Difference-in-Differences: Parallel trends allow causal inference

Natural Experiments in Macro

The most credible DiD designs exploit exogenous shocks that affect some units but not others.

Examples of natural experiments: | Shock | Treatment | Control | Papers | |——-|———–|———|——–| | German reunification | East Germany | West Germany | Fuchs-Schündeln & Schündeln | | Swiss franc appreciation | Swiss border regions | French border regions | Auer et al. | | Oil price shocks | Oil importers vs exporters | — | Kilian & Lewis | | COVID-19 | High-exposure sectors | Low-exposure sectors | — |

What makes a good natural experiment: 1. Exogenous timing: Shock not driven by outcome of interest 2. Clear treatment/control: Units can be cleanly classified 3. No spillovers: Control units unaffected by treatment (SUTVA) 4. Plausible parallel trends: Pre-shock trends similar

Instrumental Variables

IV exploits exogenous variation to isolate the causal effect of an endogenous regressor.

The Logic of Instruments

An instrument \(Z\) satisfies:

1. Relevance: \(Z\) affects \(X\) \[ \text{Cov}(Z, X) \neq 0 \]

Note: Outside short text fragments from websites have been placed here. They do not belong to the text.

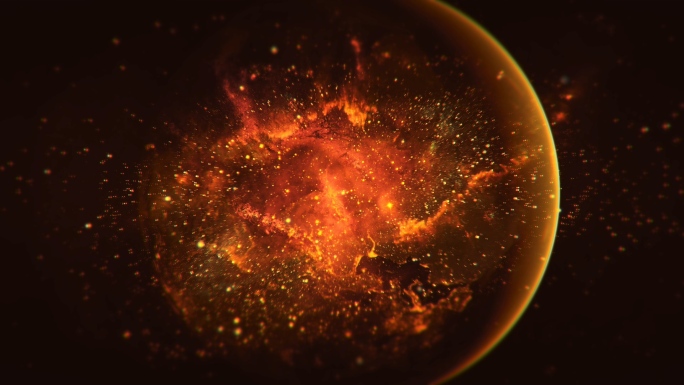 【4K宇宙】金色琥珀星球旋转幻想虚拟太空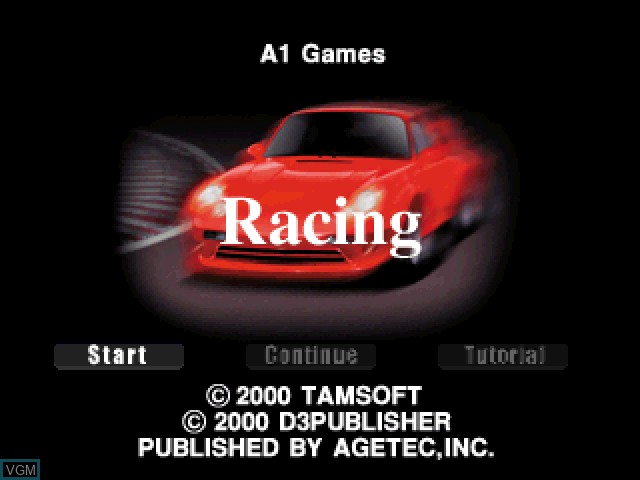 Title screen of the game Racing on Sony Playstation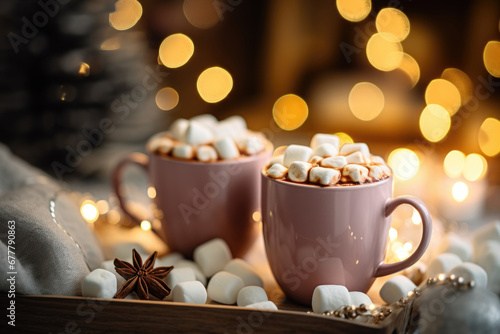 Winter lifestyle with cup of hot cocoa with marshmallows with bokeh on the background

2. Exclusion: \(Z\) affects \(Y\) only through \(X\) \[ \text{Cov}(Z, \varepsilon) = 0 \]

Graphically:

Z → X → Y
Z ↛ Y (directly)

The IV estimator: \[ \hat{\beta}_{IV} = \frac{\text{Cov}(Z, Y)}{\text{Cov}(Z, X)} = \frac{\text{Reduced form}}{\text{First stage}} \]

Two-Stage Least Squares

First stage: Regress \(X\) on \(Z\) and controls \[ X_{it} = \pi_0 + \pi_1 Z_{it} + W_{it}'\gamma + \nu_{it} \]

Second stage: Regress \(Y\) on predicted \(\hat{X}\) and controls \[ Y_{it} = \beta_0 + \beta_1 \hat{X}_{it} + W_{it}'\delta + \varepsilon_{it} \]

Code
# Simulate IV setting
N <- 500
true_beta <- 0.5

# Instrument Z
Z <- rnorm(N)

# Endogenous X (correlated with error)
U <- rnorm(N)  # Unobserved confounder
X <- 0.7 * Z + 0.8 * U + rnorm(N, 0, 0.3)

# Outcome
Y <- true_beta * X + 0.6 * U + rnorm(N, 0, 0.5)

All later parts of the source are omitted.